2005年10月23日
仙台日帰り
第16回日本嗜癖行動学会、最終日一般公開シンポ「家庭内の暴力ーこの10年をふりかえるー」のコーディネーターを引き受けたため、朝7時20分の「こまち」で仙台入り。
昨日はべてるの向谷地さんがシンポ企画者の鈴木俊博さんとトークセッションをしたらしい、会えなくて残念!。
DVも虐待も制度化(不十分とはいえ)されてからは、虐待系、DV系(加害者系、被害者系)、アディクション業界系と分化が進み、相互交流はあまりないのが現状だ。ないどころか、けっこう対立もあったりして。
今回のシンポは平川和子さん、坂上香さん、福井和恵さんというシンポジストの人選の妙も影響して、カオス的調和(矛盾するが)を感じさせるものだった。そう、10年前に「逃げる人、殴る人」というテーマで、同じ仙台で学会が開かれたのだったねえ、そのときもこんなカオスだったよねえ、という感懐を抱かされる。

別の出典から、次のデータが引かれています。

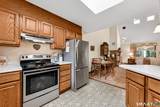 1469 Farmington Avenue - Photo 14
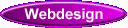 Hosting & Webdesign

そして、たしかあの青葉通り(定禅寺通り?)のケヤキ並木に面した喫茶店で、わたしは西山明さんと対談を録音したっけ・・10年前の6月だった。その内容は「アダルト・チルドレン」に収録されたのだった。そして今西山さんはすでにこの世を去った。
妙に生暖かい曇天の秋の空を見上げて、あのとき10年後をこのように想像したのだろうか、と思った。
午後は斎藤先生の記念講演「被害者と加害者の物語」。
久々に最後まで通して聞く(いったい何年ぶりだろう)。ぜんぜん髪が減ってないじゃん、白髪もないじゃん、なんてケチをつけながら途中で少し眠ったが、いやあ、けっこう面白かった。
多くの男性学研究者からは「男権主義的斎藤」をガンガン批判してくれ、と言われたりするんだけど、やっぱ性的虐待をめぐる日本の現状にかなり怒っている彼を目の当たりにすると、それでも主張はまともだよね、と言う気になる。
たぶん「アディクションと家族」誌の鼎談でみそぎというか手打ちが終わったせいもあるのか、それともわたしが成長したのか、あの10年前の今頃の愁嘆場は歳月が風化させてくれた気もしている。
家族の根幹のタブー近親姦をめぐるバックラッシュと「残りの人生、闘い続けるんだ!」との闘争宣言で締めくくられた講演だったが、しり上がりにボルテージが上がっていく。彼の講演は怒りに比例して面白くなるのは否めない。
今後彼ら(宮崎哲哉など)のターゲットは全部僕になるだろう、だって。そ、それから「僕と信田さんだろうね、矢面に立たされるのは」だって(汗)。
論座の「記憶を裁くのは誰か」というわたしの文を、斉藤先生はとても高く評価してくれており、鼎談もあってか、いつの間にかわたしは斉藤先生にとって共同戦線を組む存在と化していたのである。
加害者プログラムのこともあり、性犯罪のこともあり、共依存のこともあり、10周年のこともあり、カナダ行きのこともあり・・・とにかく何がなんだかわからない、それこそカオスのような頭を抱えているが、軸にあるのは最後までタブーとされた性被害の女性(男性)のことである。
やっべー、というのはヨチヨチ歩きの男の子が最初に口に出すジェンダーに彩られた言葉である。まねしよう、「超やっべー!」
帰りに出口でまた斎藤先生とばったり。
「いっしょにがんばろう」だって・・(汗)、「これからさあ、秘書とCSPPの卒業生と温泉行くんだけど、あなたも行かない?」
「まっさかあ、わたしが先生といっしょに温泉入るんですか?!」
そう笑いながらわたしは仙台市民会館からタクシーに乗って仙台駅に向かったのだった。